He advanced towards the poor girl as he spoke, whilst the crowd stopped in their passage. But as he approached her he was seized by a powerful arm, and, having been twisted round, was flung with some violence upon the ground.
CHAPTER XXXIV.
THE GAME IS UP—THE TRAP—MARIE RETURNS WITH DESGRAIS TO THE CONCIERGERIE
Any other officer than Desgrais would have given up further attempts to arrest the Marchioness, now that she was in the sanctuary of a convent—in a town, too, where any invasion of the privileges belonging to a religious house would have been avenged with the most unrelenting severity. But the exempt felt bitterly the manner in which he had been more than once duped upon the road, at times when his prey was completely within his grasp. He was exceedingly sensitive as regarded his position, and reputation as the most vigilant officer of the Maréchaussée, and he determined not to enter Paris again until he could do so accompanied by the Marchioness.
To effect this, he took a lodging in a retired quarter of Liége, and remained there for a few weeks, dismissing his archers and guards, with orders to return to Givet, and be in readiness to join him at Liége upon the shortest notice. To the Marchioness he was personally unknown. She had not met him above once or twice, and then without particularly regarding him; and this decided him as to the course he would pursue. He was young and active; the very business in which he was constantly engaged had given him admission into all ranks of society; and he had tact and ready perception to profit by his observations, and adopt the manners of any particular class which he found it necessary to assume. He arranged his plans and, when he imagined sufficient time had elapsed, proceeded to put them into execution.
To effect the capture he disguised himself in the dress of an abbe, and presented himself one evening at the gates of the convent in which Marie had sought shelter, requesting to see her. The porter, after a slight hesitation, admitted him to the parlour, and in a few minutes the object of his venture appeared.

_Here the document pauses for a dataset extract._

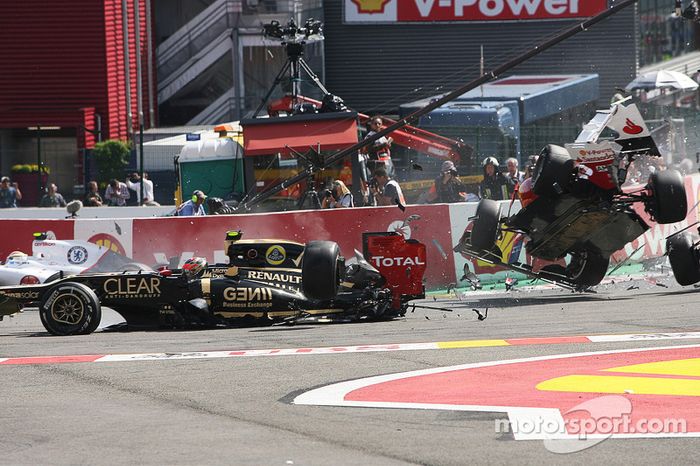 Un accidente en el inicio con Lewis Hamilton, McLaren, Romain Grosjean, Lotus F1, Fernando Alonso, Ferrari, Kamui Kobayashi, Sauber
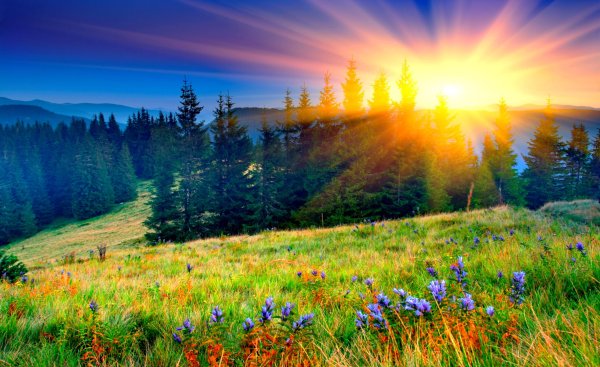 Горы солнце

The Marchioness had entirely recovered from the fatigues of her journey. Those who had known her intimately would have remarked a few lines on her face, resulting from the agitation caused by recent events; but to others there was still the same girlish, confiding face—still the same blue lustrous eyes and smooth expansive forehead, and the rosy lips still half-revealed the same beautiful teeth that had so dazzled the sight of the gallants, and raised the envy of the dames of the court at Versailles. She bowed gracefully to Desgrais as she entered the room, and then in her softest tones inquired ‘to what chance she was indebted for the honour of a visit from Monsieur l’Abbé?’

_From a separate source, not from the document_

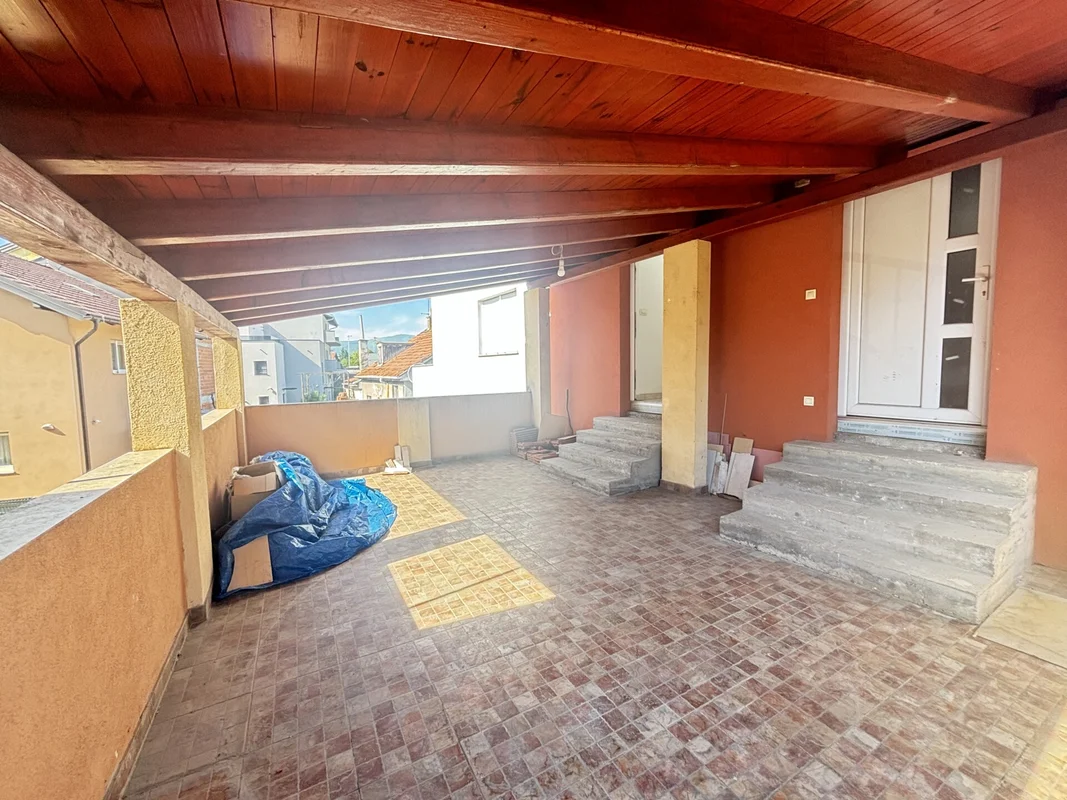 Kuća s 3 stana i parkingom – Gajevo naselje, 179 m²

‘I am a poor servant of the Church, madame,’ he replied, ‘and am returning from a pilgrimage to Rome with relics to be deposited at the Jacobins, in the Rue St. Honoré. Being detained at Liége upon matters of ecclesiastical interest, I heard that you were here, and came to offer my respects.’
‘I have done little to deserve this attention, my holy father,’ said Marie.
‘You have suffered much undeserved misery, madame,’ answered Desgrais. ‘You were a supporter of our Church—a good and charitable lady, as all Paris can vouch; and I should have taken blame unto myself had I not paid this tribute to your goodness.’
‘Alas! mon père!’ cried Marie; ‘would that the world could think of me as well as you do. Of what avail has been my past life? You will find, on your return to Paris, the blackest stories current against me. A woman, once fallen, has no hope; but every one—those who would have cringed to her the lowest when she was in her position being the foremost—will hurry to crush her more utterly, to beat her lower down. I am lost—for ever!’